- **What this task involves**
Repeat exactly the lines that run from the start of the records below to the line with "The image shows", including both of those lines but not the pictures.

- **Stored data**
*-*-*

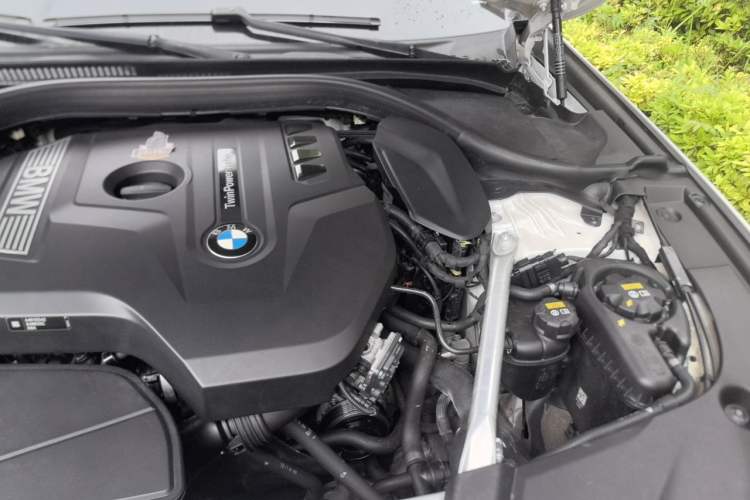 Used BMW 5 Series 2020 525Li M Sport Package Engine Bay Left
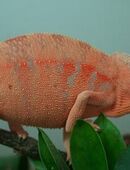 Suche : Furcifer padalis ambilobe red 0.1 in 24848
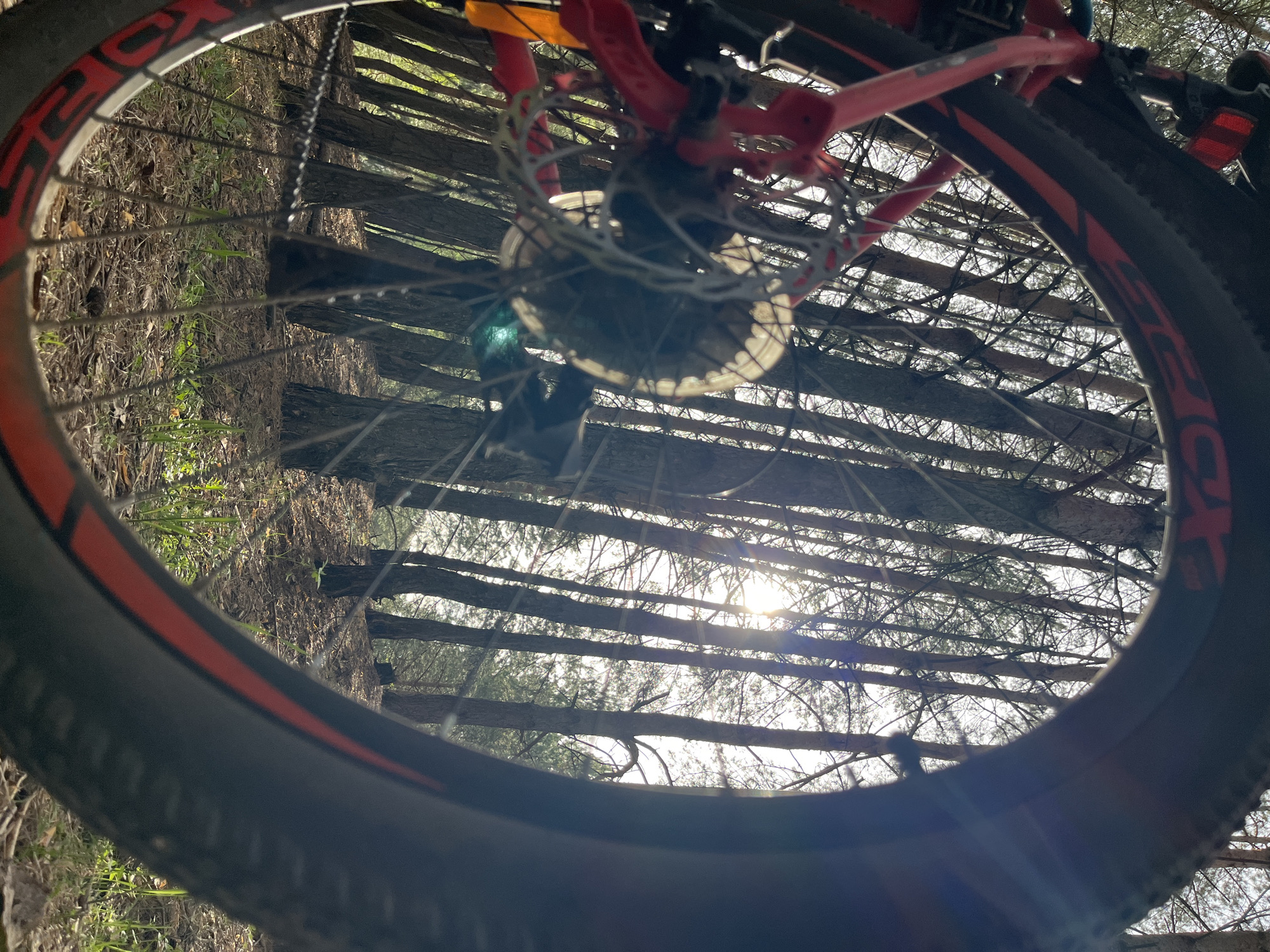 The image shows a view through a bicycle wheel, likely from a low vantage point. The bicycle wheel is in the foreground with a red rim and black tire. Through the wheel spokes, a forest can be seen, with tall, thin trees and branches silhouetted against a bright, hazy sky with the sun visible. The location is reported to be in Chaikovsky, Russia; however, that information cannot be independently verified from the image. Details such as the brake disc, chain, and parts of the bicycle frame are also visible, providing a sense of depth. The camera appears to be close to the ground, with some vegetation visible at the lower left and right edges of the image.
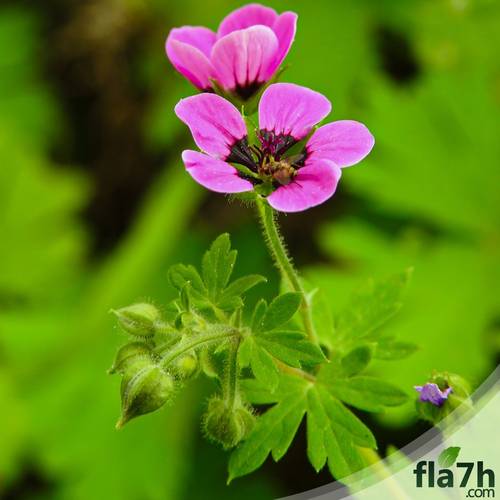 بذور إبرة الراعي 25 بذرة - Geranium robertianum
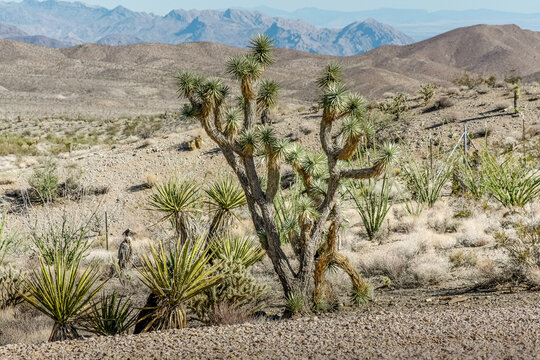 Desert plants with mountains in background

*-*-*

- **Result below**
 Used BMW 5 Series 2020 525Li M Sport Package Engine Bay Left
 Suche : Furcifer padalis ambilobe red 0.1 in 24848
 The image shows a view through a bicycle wheel, likely from a low vantage point. The bicycle wheel is in the foreground with a red rim and black tire. Through the wheel spokes, a forest can be seen, with tall, thin trees and branches silhouetted against a bright, hazy sky with the sun visible. The location is reported to be in Chaikovsky, Russia; however, that information cannot be independently verified from the image. Details such as the brake disc, chain, and parts of the bicycle frame are also visible, providing a sense of depth. The camera appears to be close to the ground, with some vegetation visible at the lower left and right edges of the image.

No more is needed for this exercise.